ふく百話(44)
「ふくちょうちん」
「ふくちょうちん」といえば、下関の特産みやげ品です。日本国語大辞典「河豚提灯」によれば「トラフグなどの背に穴をあけ、皮を傷つけないように体内の身を取り去って皮をふくらませ、かわかして作ったちょうちん」とあります。
ネット検索ではまず「お祭り提灯」がヒットします。その中でふくに関しては、主には居酒屋用で和紙、ビニール、ポリ製があります。看板名は「ふぐ」「とらふぐ」「てっちり」などです。
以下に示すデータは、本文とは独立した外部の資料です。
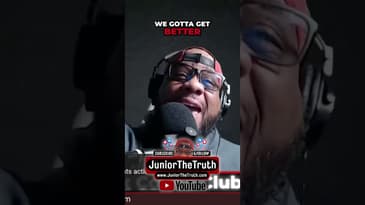 Your Childhood Is Still Running Your Life. #shorts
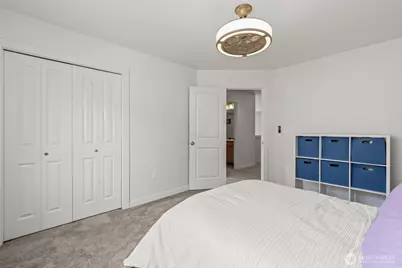 33303 NE 42nd Street, Carnation, WA 98014 - Photo 30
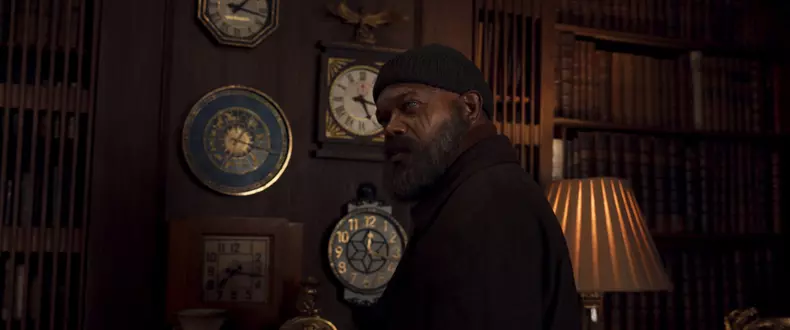 invazia-secreta-tot-ce-trebuie-sa-stiti-despre-noul-serial-marvel-cu-samuel-l.-jackson-de-pe-disney-plus-2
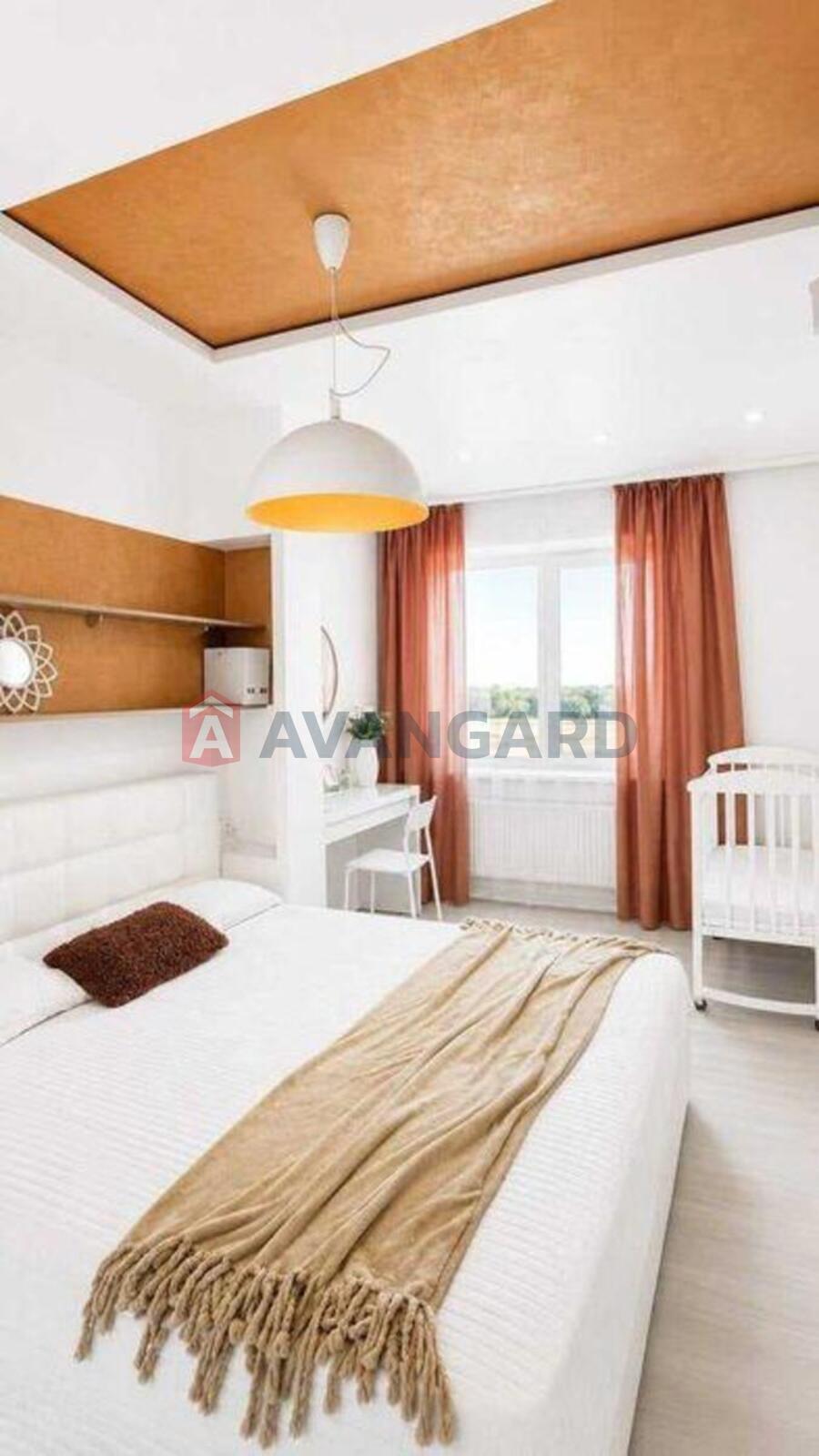 2 комн. квартира, 61/-/6 кв. м., 10/11 этаж фото 5 2 комн. квартира, 61/-/6 кв. м., 10/11 этаж фото 5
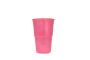 Vermelho Neon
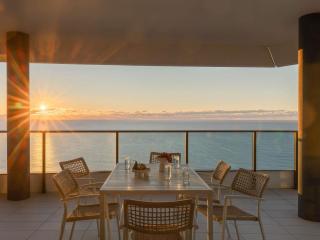 Peppers Broadbeach - 3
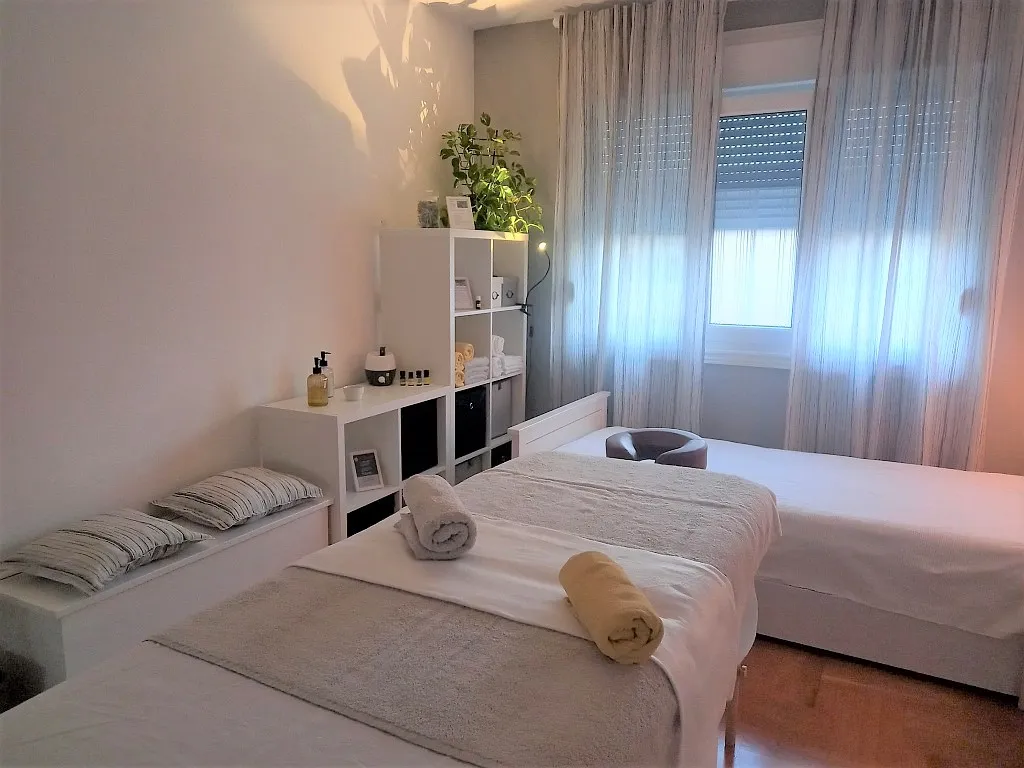 Ambrzogo, obrt za pružanje usluga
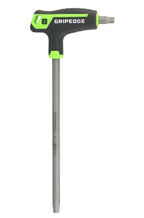 8-PC RPT Metric Hex T-Handle set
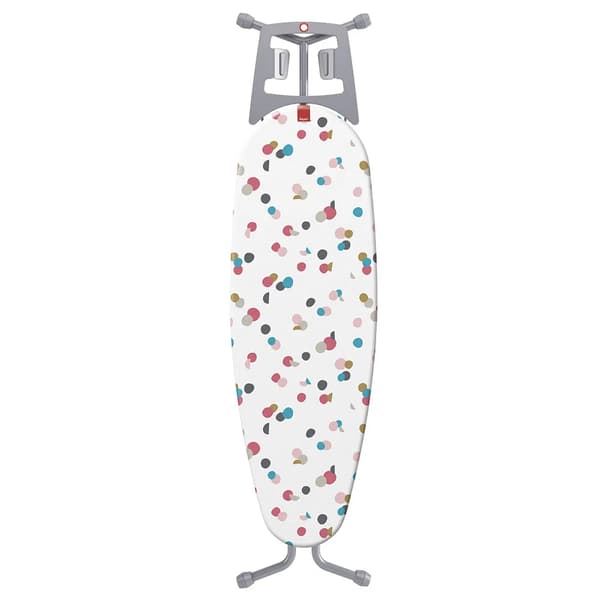 Rayen 6136.02 strygebræt multicolor 112x35cm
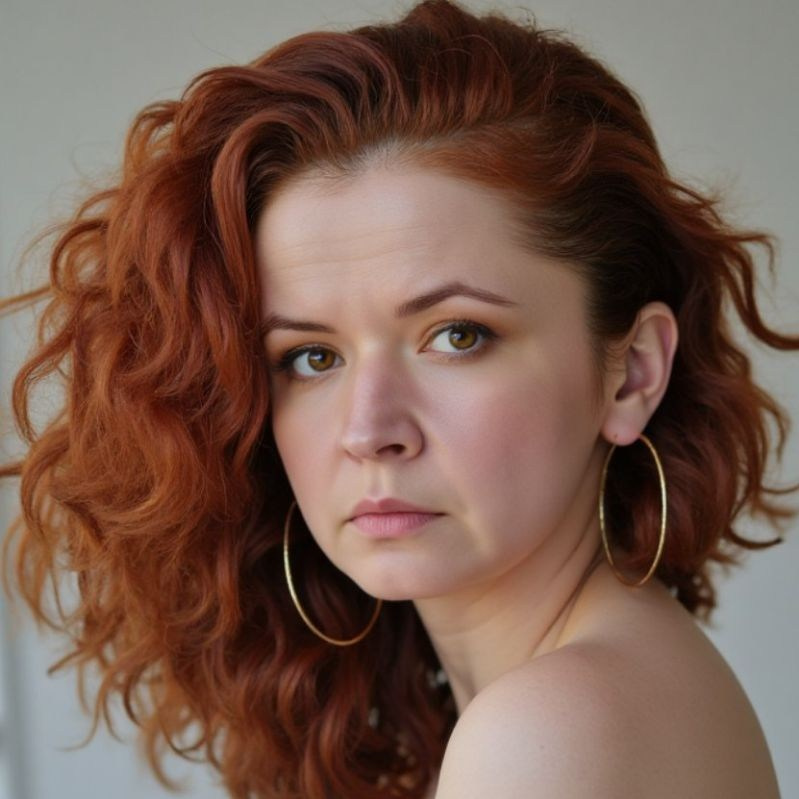 Foto ritratti spettacolari, fotografo di famiglia a Verona, Vicenza, Venezia e Padova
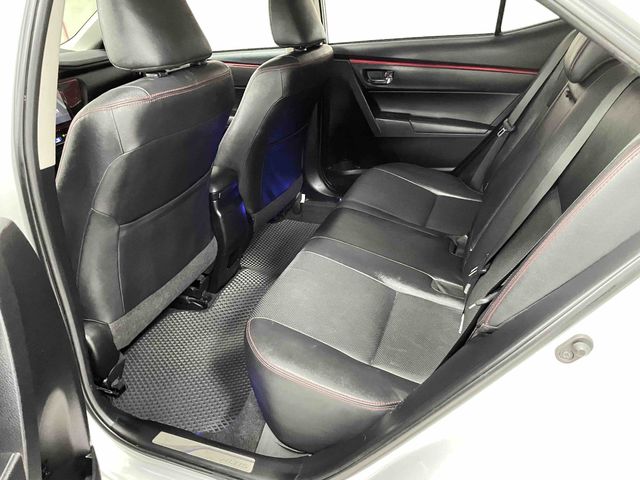 ALTIS 1.8  第9張相片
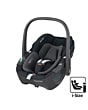 8044750300_2024_maxicosi_carseat_babycarseat_pebble360_grey_essentialgraphite_isizesafety_3qrt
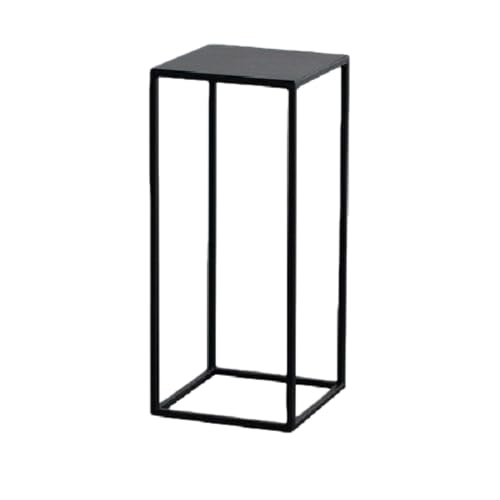 FUQIKEY 񂶂 SA[gt[|bgz_[ ԑ |bN t[bN v^[bN AReiI   Ȉ ^ ȃXy[X TChe[u e[u ϗtA A ~ (,炢)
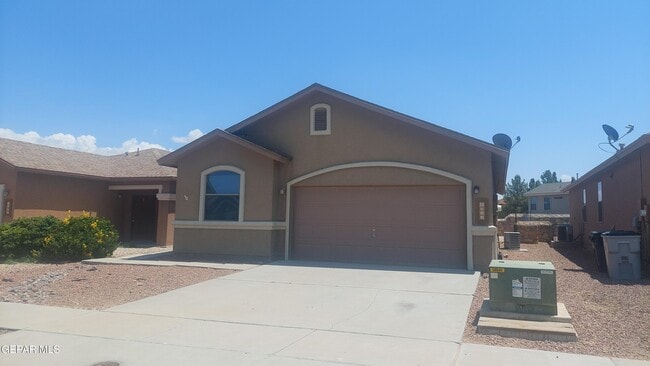Building Photo - 4768 Joseph Rodriguez Dr Rental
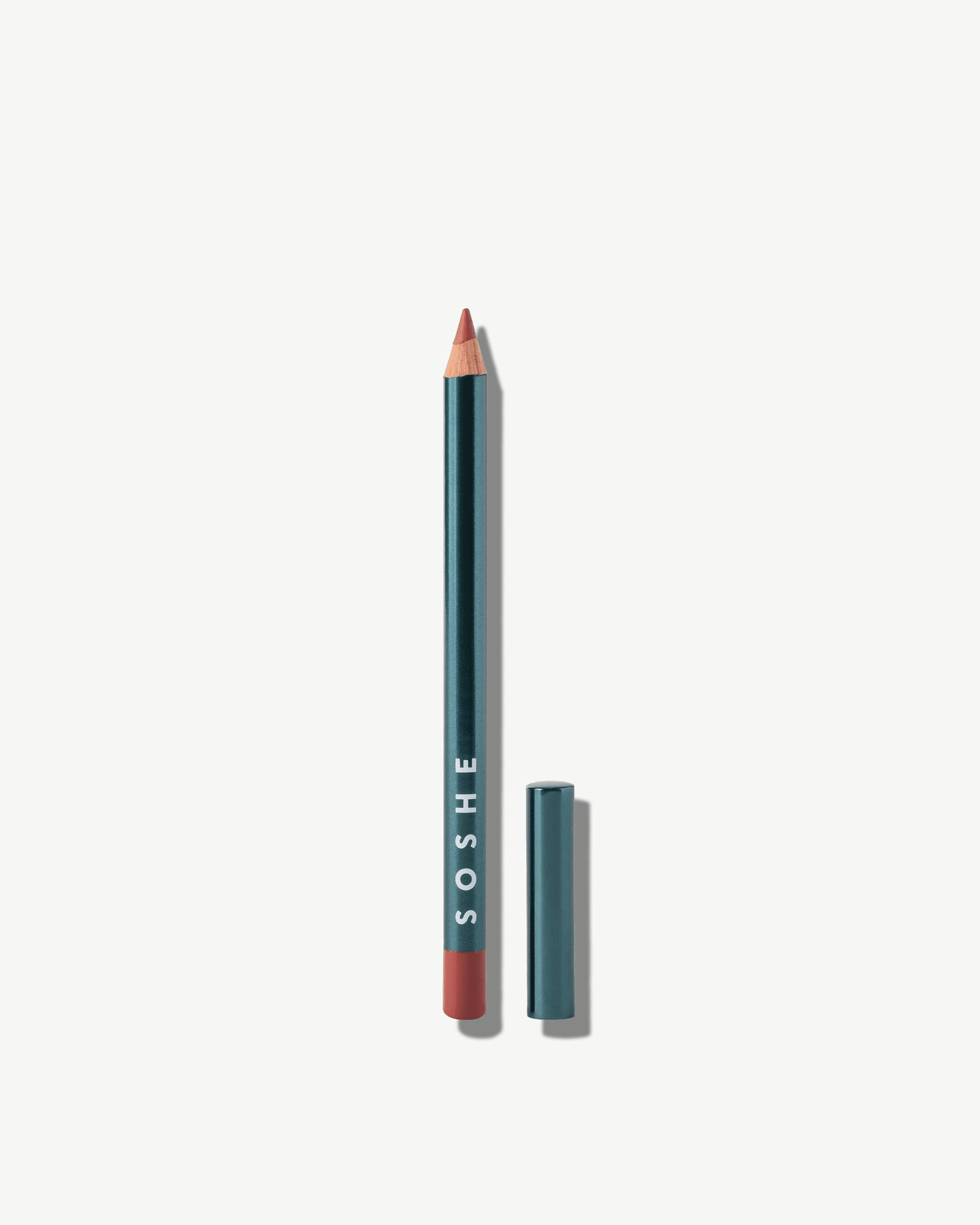 Soft Glide Lip Liner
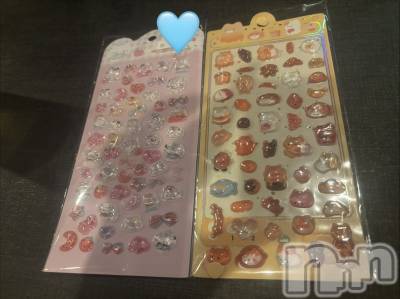 ��Ʋ���ʥå��������륺�С�LOUNGE ICHI ������(�饦�󥸥���) ����ʤ�ߤ�3��10���̥�֥����ִ򤷤�🥹��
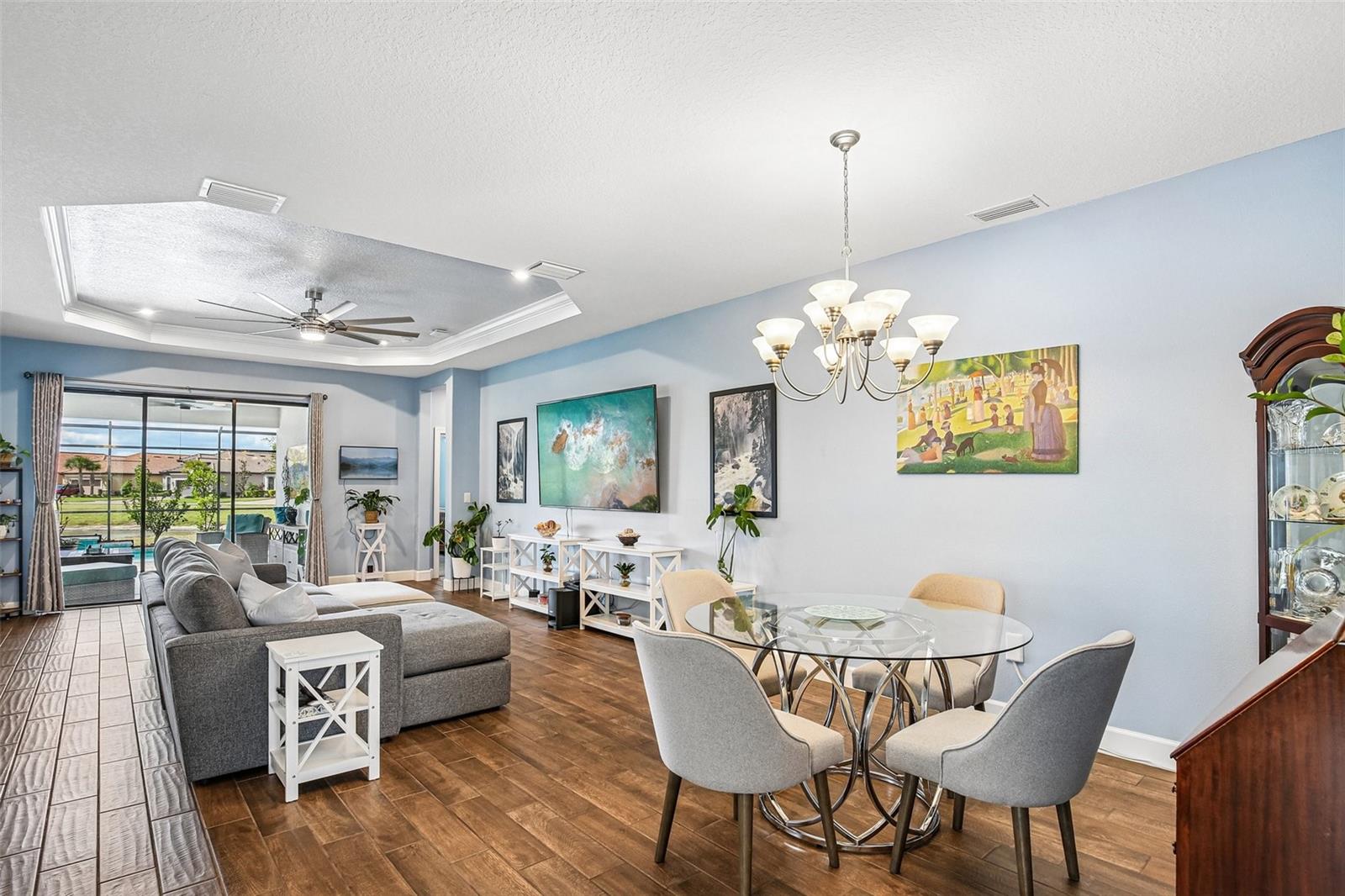 10834 CALLUNA DR, ODESSA, FL, 33556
その他、民芸品の部類では本物のフグを加工したものから様々なフググッヅまで数え切れないくらい何万点もあります。
その中で本物の「ふくちょうちん」は超小型の500円から超大型の10万円まで幅広いです。市長時代、下関沖合人工島に初入港した大型クルーズ船入港セレモニーで「特大ふくちょうちん」を船主に贈呈しました。
本物のふくを使った下関名産品の前に、思い出に残る「ふぐちょうちん」の話を一つ。それは大阪・新世界のフグ料理店「づぼらや」の巨大ふぐちょうちんです。皆さんもご覧になったことがあると思いますが、新世界のふぐ専門店「づぼらや」に吊り下げられていた長さ5メートル、幅3メートルの巨大看板です。
大幅に道路にはみ出し、違法状態でしたが、あまりにも人気が高く、観光客誘致の観点から大阪市は黙認していました。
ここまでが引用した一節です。